ABSTRACT
Sexual and gender minorities (SGM) face unique health issues, but studies on SGM health are scarce. In
particular, limited data are available among SGM individuals on age-related conditions such as Alzheimer’s
disease (AD) and related dementias. AD is a fatal degenerative disease with a diverse range of risk factors,
ranging from clinical characteristics to social determinants of health (SDoH). AD patients often progress from
cognitively unimpaired to (possible) mild cognitive impairment (MCI), followed by increasing severity of
dementia with AD clinical syndrome. Nevertheless, evidence suggests there exists heterogeneity in the
progression to AD through multiple intermediate stages. Characterizing the different AD progression pathways
and the associated risk factors is crucial for risk stratification and prevention.

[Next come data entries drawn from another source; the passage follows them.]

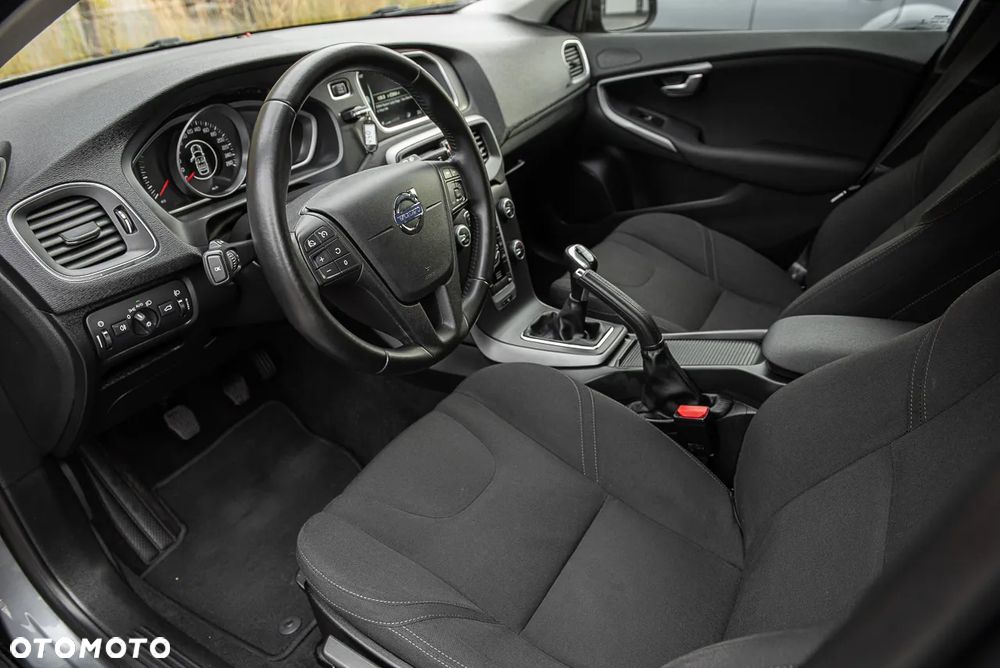 Volvo V40 D2 Momentum - 15
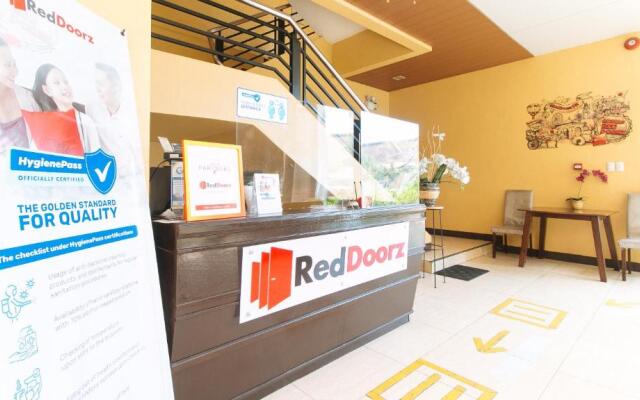 RedDoorz @ Arzo Hotel Grand Lodge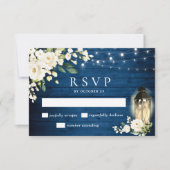 White Roses Blue Wood Lantern Wedding RSVP Kaartje (Voorkant)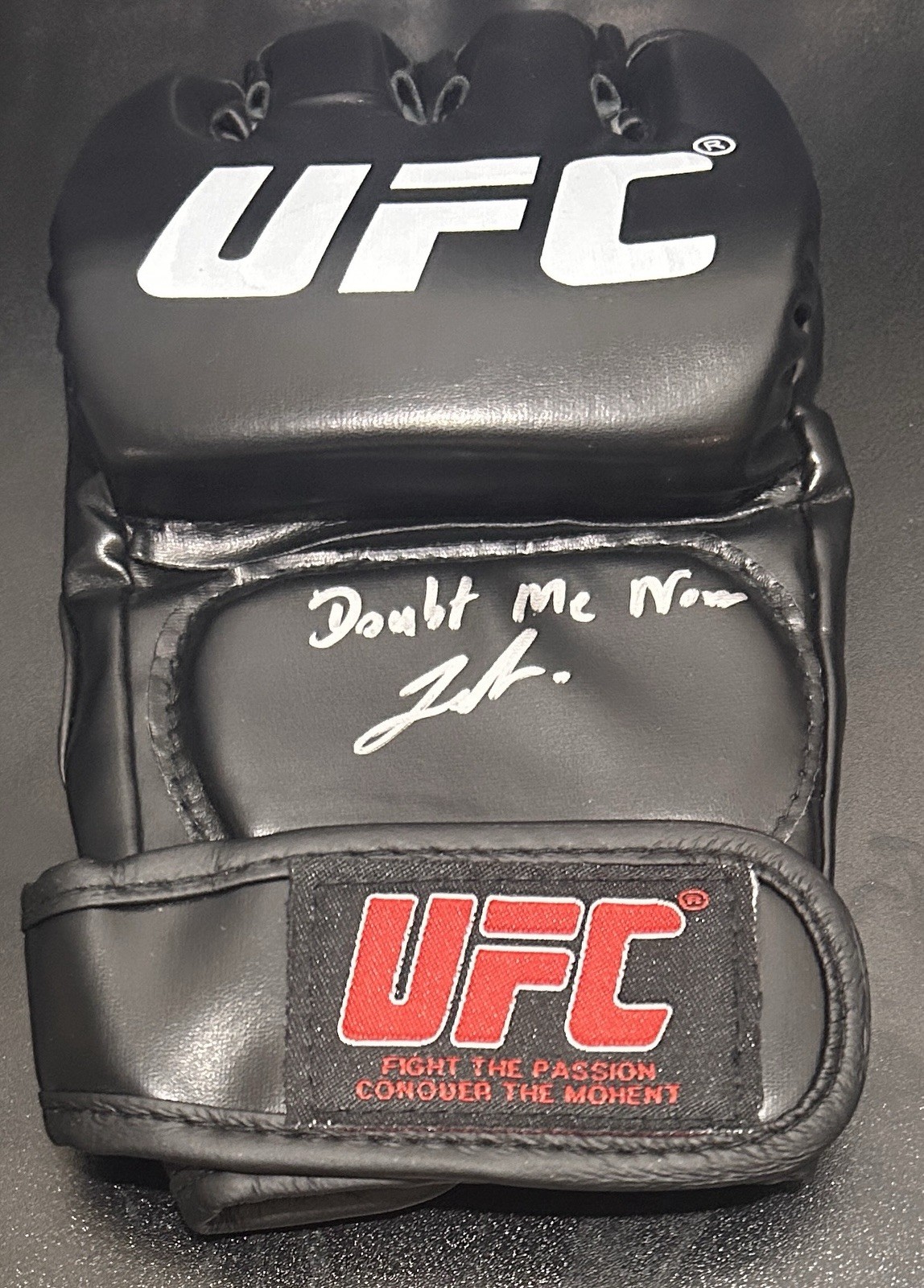 Joshua “The Fearless” Van Signed Glove. Beckett COA. UFC. MMA. Flyweight.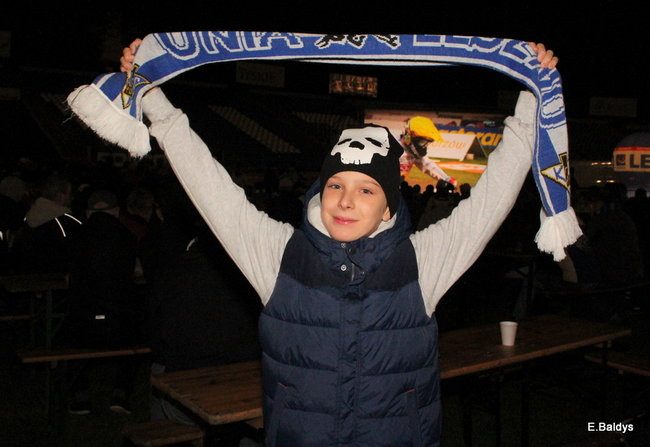 Tłumy w strefie kibica (zdjęcia)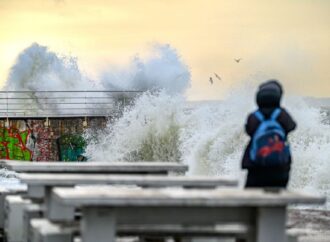 Волнорезы, чайки и огромные волны: фотограф снял шторм на одесском побережье (ФОТО)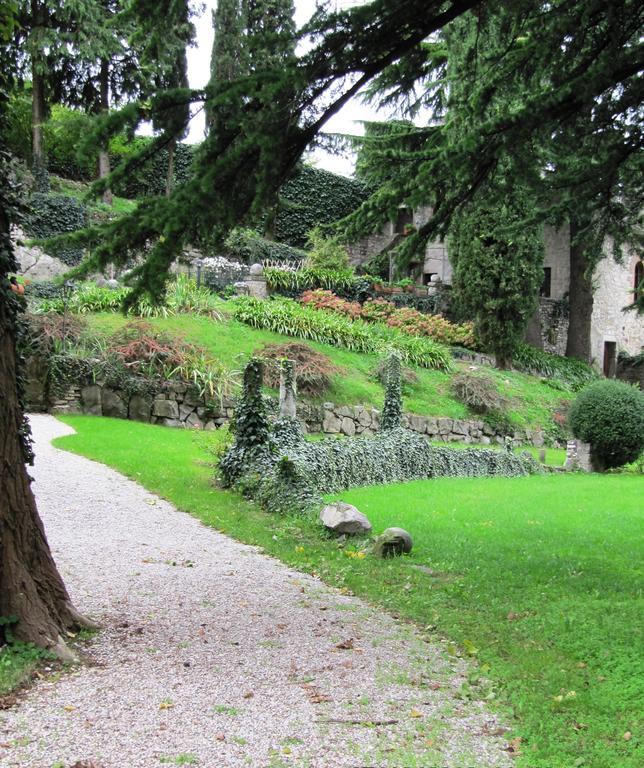 Castrum Di Serravalle Alojamento de Acomodação e Pequeno-almoço 3*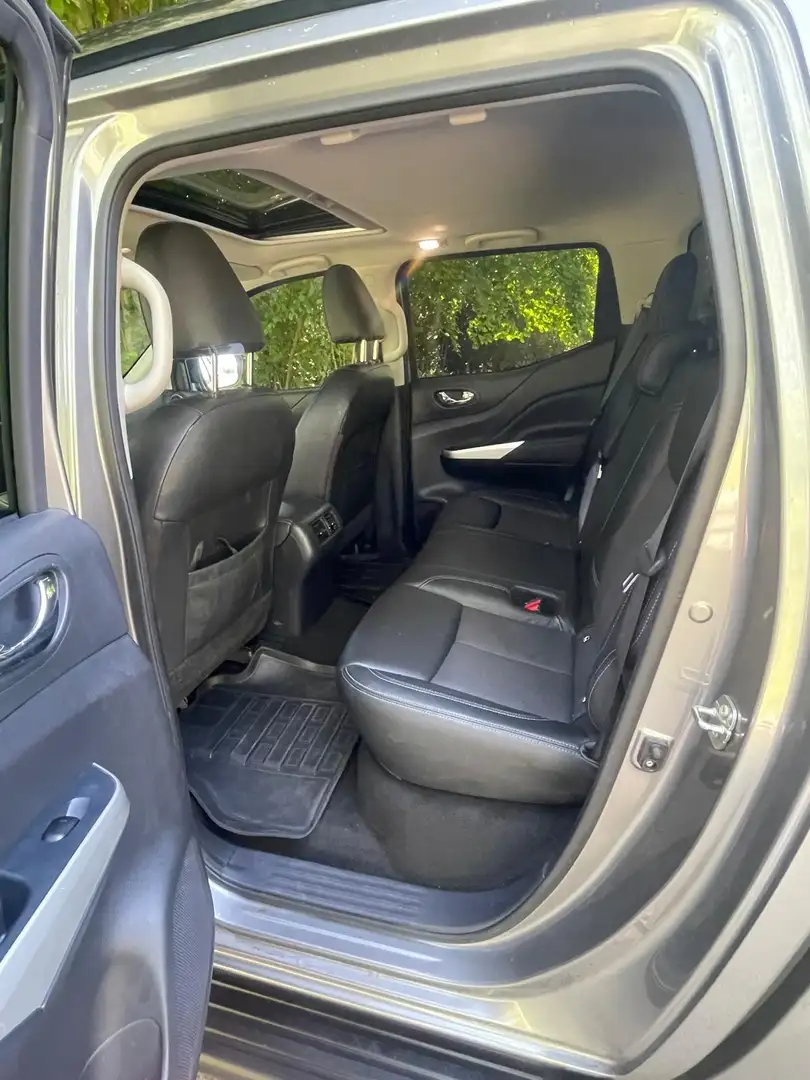 Nissan NP300 navara full option tva déductible - 1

On the other hand, the
proliferation of large clinical research networks (CRNs) with real-world data (RWD), including electronic health
records (EHRs), claims, and billing data among others, offers opportunities for generating real-world evidence
(RWE) that will have direct translational impacts on AD prevention and care in the SGM populations.

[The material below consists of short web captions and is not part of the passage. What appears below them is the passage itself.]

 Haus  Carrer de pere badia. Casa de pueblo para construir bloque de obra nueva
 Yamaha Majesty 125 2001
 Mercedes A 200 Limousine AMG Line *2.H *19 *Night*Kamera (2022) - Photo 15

Nevertheless, there are a number of key research and methodological gaps in using RWD for studying AD in
SGM, including the lack of (1) validated computable phenotypes (CP) and natural language processing (NLP)

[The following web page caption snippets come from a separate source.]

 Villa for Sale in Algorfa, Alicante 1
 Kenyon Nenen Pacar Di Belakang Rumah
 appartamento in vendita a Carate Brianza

tools that can accurately define the SGM populations and extract key patient characteristics and outcomes
(e.g., MoCA scores to determine severity), (2) consideration of the heterogeneity in AD and its progression
pathways, and (3) consideration of AD disparities in SGM populations, especially structured on both individual-
and contextual-level SDoH. Responding to NOT-AG-21-050, we propose to analyze large collections of RWD
in the OneFlorida+ and INSIGHT networks, two CRNs contributing to the national Patient-Centered Clinical
Research Network (PCORnet), to: (1) create real-world longitudinal SGM and AD cohorts that can be followed
by virtue of routine clinical care, (2) model the heterogeneity in AD progression with novel federated machine
learning methods, and (3) examine SGM disparities in AD outcomes (i.e., onset and progression pathways)
and in the causal paths via which AD clinical risk factors and SDoH impact these AD outcomes. Our project is
novel and will have direct translational impact as it provides concrete RWE to fill the knowledge gaps by
examining whether AD disparities exist between SGM (and SGM subgroups) and non-SGM, and identifies
potentially actionable AD risk factors and SDoH significant to SGM and their disparities. The success of this
project will fill important gaps in our knowledge of AD risk and progression pathways in the SGM populations,
and establish a framework for creating RWD-based virtual cohort, which can inform national pragmatic trials
across PCORnet for future SGM aging clinical studies.